FIG. 1 is a diagram of an example stream of spoken utterances in
which a spoken utterance stop event other than a pause or cessation
in the stream occurs.
FIGS. 2A and 2B are diagrams of an example spoken utterance stop
event that is a change in direction within a stream of spoken
utterances.
FIG. 3 is a diagram of an example spoken utterance stop event that
is a change in speech pattern within a stream of spoken
utterances.
FIG. 4 is a diagram of an example spoken utterance stop event that
is a change in context of speech within a stream of spoken
utterances.
FIG. 5 is a diagram of an example spoken utterance stop event that
is a spoken utterance of a phrase of one or more predetermined
words.
FIG. 6 is a flowchart of an example method in which a spoken
utterance stop event other than a pause or cessation within a
stream of spoken utterances is detected.
FIG. 7 is a diagram of an example system in which a spoken
utterance stop event other than a pause or cessation within a
stream of spoken utterances is detected.
DETAILED DESCRIPTION
In the following detailed description of exemplary embodiments of
the invention, reference is made to the accompanying drawings that
form a part hereof, and in which is shown by way of illustration
specific exemplary embodiments in which the invention may be
practiced. These embodiments are described in sufficient detail to
enable those skilled in the art to practice the invention. Other
embodiments may be utilized, and logical, mechanical, and other
changes may be made without departing from the spirit or scope of
the present invention. The following detailed description is,
therefore, not to be taken in a limiting sense, and the scope of
the embodiment of the invention is defined only by the appended
claims.
As noted in the background section, users have increasingly
employed voice commands to interact with their computing devices. A
user can indicate to a computing device like a smartphone that he
or she wishes to transmit a voice command by pressing a physical
button on the computing device or another device to which the
computing device is linked, or by speaking a predetermined phrase
if the computing device constantly listens for spoken utterance of
this phrase. Once the user has made this indication, he or she then
speaks the voice command.
The voice command takes the form of a stream of spoken utterances.

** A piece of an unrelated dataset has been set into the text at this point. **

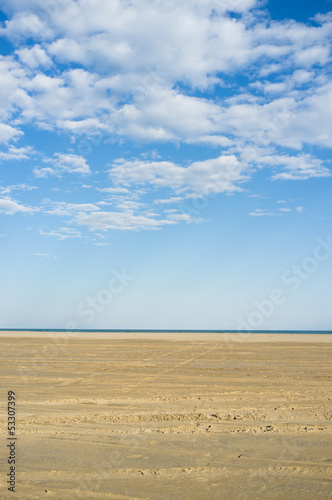 Fototapeta Naklejka Na Ścianę i Meble -  Sand and sky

Depending on the voice command in question, the stream may be
relatively brief, such as "call Sally at her mobile number," or
lengthy. As an example of the latter, a user may ask for
complicated navigation directions to be provided when the user is
driving. For instance, the user may request, "provide me with
directions to Bob's Eatery on Fifth Avenue, but I don't want to
drive on any highways to get there."
After the user has indicated to a computing device that he or she
wants to transmit a voice command, the computing device therefore
performs speech recognition on the stream of utterances spoken by
the user. The computing device does not have any way of knowing,
however, when the user has finished speaking the stream of
utterances forming the voice command. Therefore, conventionally the
computing device waits for a pause or cessation in the stream of
spoken utterances, and assumes that the user has finished the voice
command when the users pauses or stops the spoken utterances
stream.
However, forcing the user to pause to stop within a stream of
spoken utterances to indicate to a computing device that he or she
has finished conveying the voice command is problematic. For
example, a user may be in a setting with other people, as is the
case where the user is the driver of a motor vehicle in which other
people are passengers. The user may be conversing with the
passengers when he or she wants to issue a voice command. After
completing the voice command, the user has to unnaturally stop
speaking--and indeed may have to force the other passengers to also
stop speaking--until the computing device recognizes that the
stream of spoken utterances forming the voice command has finished.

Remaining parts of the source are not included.